On Fri, Aug 23, 2019, 14:12 Luke Kenneth Casson Leighton <lkcl at lkcl.net>
wrote:

> Hi Jacob,
>
> The partitioned multiplier hits every cycle with a massive 64 8x8
> multiplies. Can you think of a way to reduce that?
>
one part that will reduce that is that multiplies are commutative, so that
reduces to 32 8x8 multiplies.
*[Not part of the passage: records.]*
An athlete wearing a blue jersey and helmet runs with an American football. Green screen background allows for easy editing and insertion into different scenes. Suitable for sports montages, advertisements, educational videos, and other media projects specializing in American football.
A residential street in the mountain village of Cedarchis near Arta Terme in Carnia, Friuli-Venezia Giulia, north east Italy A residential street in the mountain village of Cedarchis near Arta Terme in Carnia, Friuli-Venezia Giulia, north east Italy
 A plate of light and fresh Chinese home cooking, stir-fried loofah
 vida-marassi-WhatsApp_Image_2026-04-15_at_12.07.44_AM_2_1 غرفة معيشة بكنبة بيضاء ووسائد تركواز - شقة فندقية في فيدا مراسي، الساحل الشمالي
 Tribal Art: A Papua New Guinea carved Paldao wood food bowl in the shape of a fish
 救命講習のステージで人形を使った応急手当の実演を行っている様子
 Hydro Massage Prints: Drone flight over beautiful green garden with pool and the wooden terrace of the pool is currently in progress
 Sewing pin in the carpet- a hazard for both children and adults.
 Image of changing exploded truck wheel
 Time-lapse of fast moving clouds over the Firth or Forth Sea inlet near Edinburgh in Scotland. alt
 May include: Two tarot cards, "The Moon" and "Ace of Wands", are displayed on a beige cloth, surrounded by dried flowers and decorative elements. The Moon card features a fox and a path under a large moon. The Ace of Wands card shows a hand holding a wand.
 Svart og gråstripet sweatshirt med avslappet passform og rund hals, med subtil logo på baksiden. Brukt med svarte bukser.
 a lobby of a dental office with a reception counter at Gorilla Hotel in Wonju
I would be surprised if yosys doesn't already
share the multipliers after running the SAT sharing pass.

>
> Also, I have been looking at the Dadda Tree algorithm, it is amazingly
> elegant.
>
> However, adapting it to be early out capable has me slightly puzzled.
>
> Here is what I am thinking: having a suite of 8x8 multiplies (as straight
> DSP blocks) that would go directly out (early), but for 16 bit values those
> 8x8 products would go into a Dadda tree that produced 16 bit outputs, again
> early out.
>
> Then those would *again* be added to yet more of the 8x8 products, another
> suite of Dadda Trees, this time to create a 32 bit mul.
>
> Finally the 64 bit phase.
>
> It would not be as efficient as a dedicated Dadda 64 bit Mul, because at
> the 16, 32 and 64 phases a full 128 bit adder is needed.
>
> A straight 64x64 Dadda would only need the one full 128 bit adder.
>
> Thoughts?
>

I think you may be too fixated on early-out: I would guess that the initial
8x8 multiplies take up around half of the multiplier delay and the adders
afterwards take the other half. For all but 8x8 multiplies, I think we'll
end up taking 2 clock cycles and the 8x8 multiplies might fit in 1 clock
cycle. For all the other cases, early-out would vastly increase gate count
without being able to output the results much earlier (less than a clock
cycle). Also, each additional early-out adds lots of additional signalling
required for routing the output and control signals.

Even for 8x8 multiplies, trailing additions to handle signed/unsigned are
required.

Jacob Lifshay